On Double Standards In International Politics
Elena Zhemkova, Executive Director of International Memorial Society, Russia
The Memorial Society expresses anxiety about the way the NATO countries ( above all , the USA) demonstratively apply double standards in relation to the two crises - Kurdish and Kosovo, both of which aggravated in the winter of 1999.
The pre-history of events in these "hotbeds" is very much alike. The leadership of both Turkey and Yugoslavia have rudely trampled upon the rights of ethnic minorities - Kurds in the first case and Albanians in the second- exercising direct discrimination on ethnic grounds. Fundamental human rights were violated - the right of ethnic minorities to keep their culture, to use their native language, the right to free associations, the right to freedom of thinking, conscience and expressing their opinions. The National movements of Turkish Kurds, same as of Kosovo Albanians, in their turn, have gradually acquired the qualities of aggressive separatism. In both cases, military units of separatists have launched broad-scale guerrilla warfare. In the course of hostilities numerous crimes were committed both by the government and anti-government forces, with indigenous population being the main victim.
However, if the activities of the Turkish authorities towards the participants in the Kurdish movement are only feebly denounced by Western states, all means of international pressure, up to bombings, are used against the Yugoslavian leadership who also try to suppress by force the Kosovo independence movement. The NATO countries force the Yugoslavian government to negotiations with Albanian rebels ( terrorists or fighters for national independence - it depends on how you would like to call them), while the actions of Turkey ( a member of the NATO!), whose troops are exterminating insurgent teams outside their borders ,do not elicit any visible reaction.

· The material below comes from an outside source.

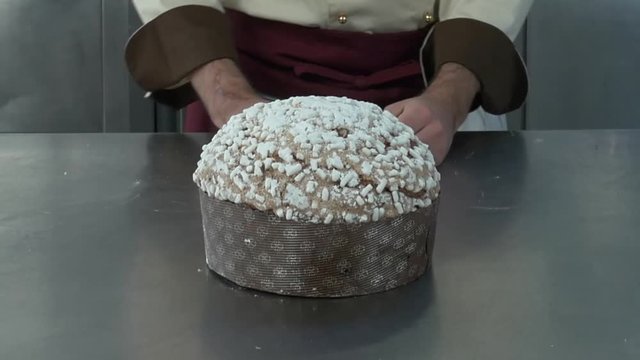 Panettone artigianele in pasticceria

It is not for the first time during the last few years that we face the "double standards" concerning separatist movements which has actually become a norm in international relations. The correlation between the two norms of international law - the principle of state sovereignty and the right of peoples to self-determination - is interpreted differently each time, depending on current requirements.
The policy of new Russia, alas, hasn’t become an exception. The self-announced formations in South Ossetia , Abkhazia, Pridnestrovye (?) have not been directly supported by Russian politicians but at least they have been for a long time accepted. Russian citizens and even officers of the Russian Army fairly frequently took part in military units of separatists. A clear high-principled attitude of the state to this problem was not expressed - double standards were considered an actual political instrument.
At the same time, in the course of the Chechnya war Russia rejected even the slightest possibility of the world community interference with her "internal affairs". It is worth mentioning that this approach was understood by the leading Western powers - massive violations of human rights and war crimes committed by Federal forces in Chechnya in the winter and spring of 1995 were not so clearly evaluated as the events in the Balkans.
The present-day tragic developments in Yugoslavia were not only caused by the stubbornness of one or the other conflicting sides but also instigated by the actions of the Great Powers behind their back. Who is more guilty that the inter-ethnic conflict has grown into a full-scale war - Russia, implicitly backing one side, or the North-Atlantic Alliance openly supporting the other side, is now not so important.
Open use of double standards, like this, is fraught with dismal consequences for the future of mankind. Instead of trying to build the new world order based on the norms of LAW which is one for all, we witness the attempts to build the order based on FORCE and ARBITRARY RULE of a group of countries who have misappropriated the right to judge according to their will and in their own interests. There cannot be a greater blow to the idea of human rights as the underlying principle of the intra- and interstate structure.